Sixteen states in the South Pacific are members of the Pacific Islands Forum: Australia, Cook Islands, Federated States of Micronesia, Fiji, Kiribati, Nauru, New Zealand, Niue, Palau, Papua New Guinea, Republic of Marshall Islands, Samoa, Solomon Islands, Tonga, Tuvalu, and Vanuatu.

Reflecting the predominant geographic nature of the forum’s members, the theme for this year’s summit is: “Small and Far: Challenges for Growth.” While each of the members have small land masses and populations (Australia aside), their combined sovereignty covers an area of 8,538,293 sq km (3,296,653 sq mi), making their agreement over maritime concerns important not only for members of the forum, but also for states outside the forum with interests in the South Pacific.This geographic reality is usually reflected in the priority of regional fisheries and shipping lanes on the forum’s agenda. However, in recent years the impact of climate change has begun to dominate discussions within the forum.

The smaller states within the South Pacific have become a leading voice on the global stage on the issue of climate change and its potential effects on human security, as well as the environment. Pacific Island nations take climate change extremely seriously, with some forecasts predicting a potential loss of territory due to rising sea levels. For Tuvalu, a country whose highest point is only 4 meters above sea level, rising sea levels are very real threat to its existence.

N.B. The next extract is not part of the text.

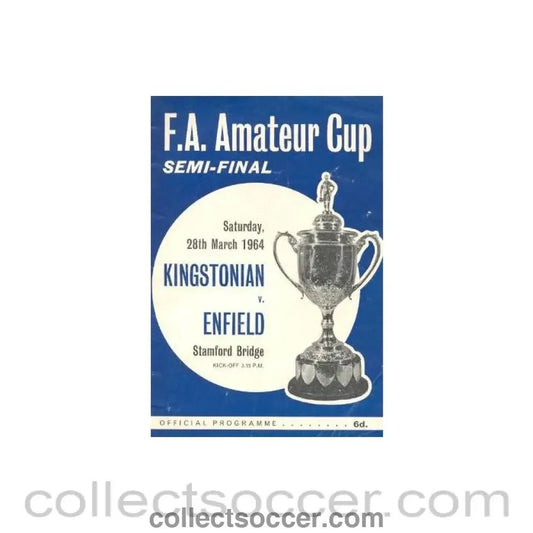 1964 - Kingstonian v Enfield official programme 28/03/1964 - Collect Soccer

This puts them at great odds with the region’s main power. Low-lying Pacific Islands deem Australia’s continued reliance on coal, as both a source of energy and a major export, a menace. Australia remains the third largest producer of coal in the world (behind China and the United States), and the world’s largest exporter of the fossil fuel, with no intention of shifting these positions.

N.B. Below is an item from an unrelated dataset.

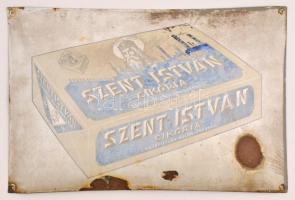 cca 1920 Szent István cikoria, sérült zománctábla, 33×50 cm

The most prominent external issue for the forum will remain its interest in the Indonesian province of West Papua. In June this year the Solomon Islands and Vanuatu informed the United Nations Human Rights Council in Geneva that they were very concerned about the deteriorating human rights situation in West Papua. While representatives from West Papua have no involvement in the forum, many of the Melanesian states like the Solomon Islands, Vanuatu, and Papua New Guinea maintain a strong ethnic solidarity with the Indonesian province, and pay special attention to developments there.

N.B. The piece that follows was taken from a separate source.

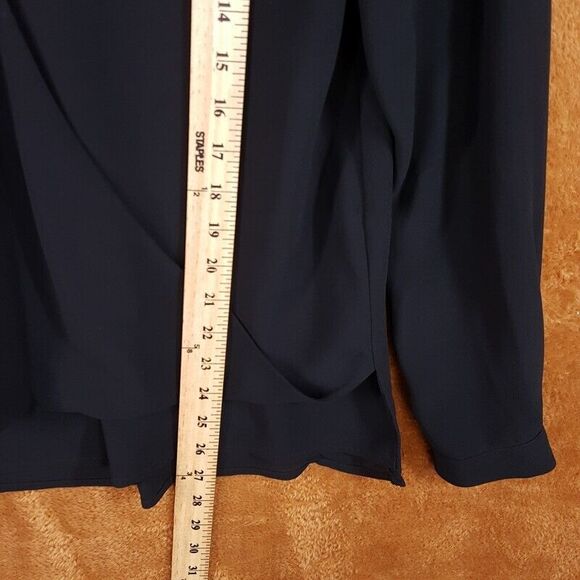 MICHAEL KORS Womens Top Small Black Surplice Wrap Lace Shoulder Hi Lo Blouse - Picture 5 of 8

At last year’s Forum in Port Moresby a decision was reached to organize a fact finding mission to West Papua. However, Jakarta indicated it would not welcome any delegation, and had problems with the use of the term “fact-finding.” However, West Papuan leaders in exile remain hopeful that a push for similar pressure on Indonesia will develop from this year’s forum. However, with Australia keen to maintain friendly relations with Indonesia, it is doubtful Canberra will add too much of its weight to these concerns.

The other major concern for the forum will be the continued negotiations of the Pacific Agreement on Closer Economic Relations (known as PACER Plus). There is a developing consensus among the smaller Pacific Islands states that this agreement would not promote further economic development. Given that these island states already have tariff-free and duty-free access to the Australian and New Zealand markets the PACER Plus agreement would do little to enhance this reality.

Fiji’s Prime Minister, Frank Bainimarama, has stated there “aren’t enough pluses” for Fiji to warrant signing the agreement, and the PNG Trade Minister has flatly stated he is “not interested” in it.  Of greater importance to the Pacific Island states is freer labor mobility for unskilled and semi-skilled workers within the Australian and New Zealand markets. This is seen as having a far more direct positive economic impact for these countries.

The forum will conclude on Sunday September 11 with its traditional communiqué of conclusions reached to be published shortly after.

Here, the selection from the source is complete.